Ismar David Day

Ismar David Day postcard
A postcard, announcing Ismar David Day and mailed to Typophile members, 1974. Ismar David papers, Box 9, folder 224, Cary Graphic Arts Collection, RIT.

From drafts of a talk, given by Ismar David, at the March 6, 1974 Typophiles luncheon at Rosioff’s Restaurant on West 43rd Street in Manhattan.

Dear friends,I am grateful for the honor. I want to use this opportunity to elaborate some more on one of my latest works, The Psalms. The Hebrew typeface and the specific kind of drawings are the two aspects that have involved me a great deal. The Hebrew developed in a time when only a few Hebrew typefaces were available.
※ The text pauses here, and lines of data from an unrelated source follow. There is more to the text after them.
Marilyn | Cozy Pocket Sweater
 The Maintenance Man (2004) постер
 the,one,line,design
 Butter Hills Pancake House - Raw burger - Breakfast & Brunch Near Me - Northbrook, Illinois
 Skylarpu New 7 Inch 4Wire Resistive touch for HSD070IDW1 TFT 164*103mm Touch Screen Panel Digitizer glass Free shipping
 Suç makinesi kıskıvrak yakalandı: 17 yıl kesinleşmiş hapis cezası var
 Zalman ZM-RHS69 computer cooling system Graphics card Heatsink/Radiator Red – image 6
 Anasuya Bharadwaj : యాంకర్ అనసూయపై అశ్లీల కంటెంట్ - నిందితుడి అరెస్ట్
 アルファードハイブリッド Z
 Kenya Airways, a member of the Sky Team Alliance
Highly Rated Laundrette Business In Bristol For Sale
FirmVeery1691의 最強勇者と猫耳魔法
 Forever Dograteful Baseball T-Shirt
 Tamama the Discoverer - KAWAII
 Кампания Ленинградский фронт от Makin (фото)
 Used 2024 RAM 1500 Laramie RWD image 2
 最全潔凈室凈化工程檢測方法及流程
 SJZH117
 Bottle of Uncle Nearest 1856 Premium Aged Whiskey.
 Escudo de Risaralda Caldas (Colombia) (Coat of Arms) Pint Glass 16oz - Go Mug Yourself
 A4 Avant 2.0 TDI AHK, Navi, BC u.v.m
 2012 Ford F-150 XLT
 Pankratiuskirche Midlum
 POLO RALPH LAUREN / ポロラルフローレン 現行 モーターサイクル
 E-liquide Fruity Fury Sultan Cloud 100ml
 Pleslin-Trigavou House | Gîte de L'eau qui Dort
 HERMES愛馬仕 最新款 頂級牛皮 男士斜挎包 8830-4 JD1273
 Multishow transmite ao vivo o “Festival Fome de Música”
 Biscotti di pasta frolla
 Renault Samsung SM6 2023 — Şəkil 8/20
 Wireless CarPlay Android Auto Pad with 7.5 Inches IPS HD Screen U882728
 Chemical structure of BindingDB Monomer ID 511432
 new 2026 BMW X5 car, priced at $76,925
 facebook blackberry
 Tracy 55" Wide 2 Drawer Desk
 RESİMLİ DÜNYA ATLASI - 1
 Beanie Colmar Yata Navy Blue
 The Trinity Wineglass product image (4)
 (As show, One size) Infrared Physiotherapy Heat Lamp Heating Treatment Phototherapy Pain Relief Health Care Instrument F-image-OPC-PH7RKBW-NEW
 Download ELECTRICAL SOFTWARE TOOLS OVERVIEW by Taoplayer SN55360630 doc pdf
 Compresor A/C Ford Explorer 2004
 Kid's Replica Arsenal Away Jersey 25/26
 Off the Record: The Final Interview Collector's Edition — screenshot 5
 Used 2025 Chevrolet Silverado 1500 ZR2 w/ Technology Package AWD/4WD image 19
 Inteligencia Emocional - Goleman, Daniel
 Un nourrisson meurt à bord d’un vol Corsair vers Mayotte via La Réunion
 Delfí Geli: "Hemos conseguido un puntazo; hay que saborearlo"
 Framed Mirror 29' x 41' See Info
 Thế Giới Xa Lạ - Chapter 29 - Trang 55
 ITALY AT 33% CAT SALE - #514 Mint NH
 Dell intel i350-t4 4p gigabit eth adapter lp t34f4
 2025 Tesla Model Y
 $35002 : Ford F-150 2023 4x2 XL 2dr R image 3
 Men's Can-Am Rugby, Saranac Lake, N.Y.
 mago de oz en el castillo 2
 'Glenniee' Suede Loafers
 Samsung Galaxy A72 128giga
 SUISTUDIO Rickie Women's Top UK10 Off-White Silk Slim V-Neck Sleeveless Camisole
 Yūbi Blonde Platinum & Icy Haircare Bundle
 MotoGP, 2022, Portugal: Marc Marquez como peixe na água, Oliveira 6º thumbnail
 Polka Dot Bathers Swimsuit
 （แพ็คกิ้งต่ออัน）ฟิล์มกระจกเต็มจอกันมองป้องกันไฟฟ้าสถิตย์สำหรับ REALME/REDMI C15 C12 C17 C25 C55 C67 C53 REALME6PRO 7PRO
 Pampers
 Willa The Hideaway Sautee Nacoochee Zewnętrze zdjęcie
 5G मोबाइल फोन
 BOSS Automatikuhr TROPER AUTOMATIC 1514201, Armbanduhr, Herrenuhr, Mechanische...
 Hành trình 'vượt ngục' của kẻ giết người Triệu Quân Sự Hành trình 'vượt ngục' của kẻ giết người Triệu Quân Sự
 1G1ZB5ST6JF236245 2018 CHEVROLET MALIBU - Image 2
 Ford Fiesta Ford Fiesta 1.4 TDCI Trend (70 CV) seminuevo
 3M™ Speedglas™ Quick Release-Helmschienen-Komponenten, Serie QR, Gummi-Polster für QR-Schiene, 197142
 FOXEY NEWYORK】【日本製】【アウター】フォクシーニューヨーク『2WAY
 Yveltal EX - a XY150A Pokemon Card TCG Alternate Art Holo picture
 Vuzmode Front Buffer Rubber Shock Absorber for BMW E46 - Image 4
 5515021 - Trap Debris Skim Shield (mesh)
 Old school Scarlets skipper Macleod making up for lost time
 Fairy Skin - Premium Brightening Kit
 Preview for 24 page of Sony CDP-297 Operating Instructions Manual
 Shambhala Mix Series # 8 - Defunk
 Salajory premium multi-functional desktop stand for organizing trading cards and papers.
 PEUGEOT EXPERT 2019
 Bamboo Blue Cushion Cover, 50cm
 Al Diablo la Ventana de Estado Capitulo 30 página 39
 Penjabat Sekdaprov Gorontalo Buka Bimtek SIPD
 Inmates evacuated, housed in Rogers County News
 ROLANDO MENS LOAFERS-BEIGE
When I could not resist the temptation to venture into Hebrew type design, it was clear to me that these new designs would have to move much closer toward their Middle Eastern ancestors and away from those styles that had developed in Europe.

The impact and impression that new surroundings, the Judean landscape, the eastern way of life and a new social environment had made precluded any other conception. But, of course, all technical aspects had to be considered within the framework of western achievements in typographical design. I intended to go one step further than in the conception of a type family and add a sans serif to text face and oblique and I developed these three variations on three weights. Each letter of theses nine variation would fit on the same matrix and line up in print on the same base line. This is always a problem that goes with designs intended for line casting machines. In those days no one in Palestine thought of anything else. I had to come to grips also with proportions of letters and devised a division of the alphabet into three groups, just one group narrow letters, then the group of medium width that included all letters with only one vertical element with the and [a] very few others and the third wide group including most letters with two full vertical elements or more. This system brought a much higher degree of evenness in structure and texture than is usual in Hebrew typography, which too often suffers from spottiness.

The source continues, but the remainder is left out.